I researched states that have mandated insurance coverage for infertility. It’s incredibly complicated and each state has different mandates. One state might include coverage until a certain age, where another state requires a proof of a certain number of years of infertility. A couple of the states I had an eye on were Connecticut and Massachusetts, because they seem to mandate for more expansive coverage. I’m also curious to learn if I could use coverage from that state and go for treatment at CNY in Syracuse, New York. CNY is one of the more affordable clinics in the US. I didn’t delve too much into researching, because I want to keep an open mind at this point.
I also did some research on affordable clinics overseas. One of the countries I’ve been hearing about over and over for affordable IVF treatment is the Czech Republic. There are a handful of clinics in and near Prague that seem to have top quality treatment. Some of the services they provide are really advanced. My clinic in Seattle doesn’t even offer some of the more advanced techniques like assisted hatching and embryo glue, to name a few. Much better price and more advanced? Where do I sign up?
I emailed a clinic in Prague to ask about pricing. They responded very quickly with a full list of prices for every one of their services. They were very upfront with their pricing, which was nice to see. Of course the main drawback to traveling abroad right now is COVID and the high prices of flights. If I chose to go this route, I will most definitely do more research and seek out other women in the infertility forums that have actually gone to Prague for treatment.
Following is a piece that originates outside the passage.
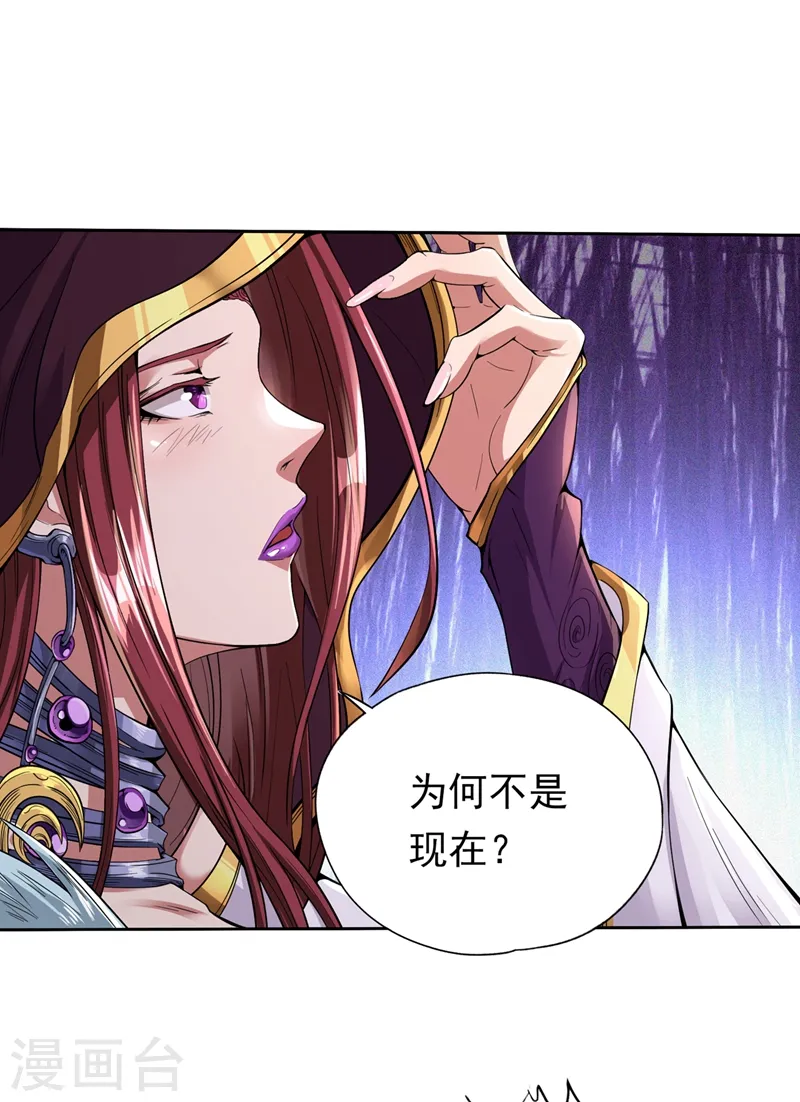 第6话 玄幽长老真热情啊！ 第24页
I need to sit down and do the math for both options of moving out of state temporarily for insurance coverage compared to getting treatment in another country. When I’ve run preliminary numbers it looks like traveling abroad is the more affordable option, even with the expensive plane ticket. That goes to show you how expensive treatment in the US really is.
But my future depends on what happens with this upcoming FET. I’m hoping it will work, but I’m also being realistic and considering my options if it doesn’t work. I’m happy that Kurtis is being more open about planning for the future. My next major hurdle is my monitoring appointment I have on July 24th. I’m hoping they will say everything looks good and I can book my plane ticket to Seattle for my FET.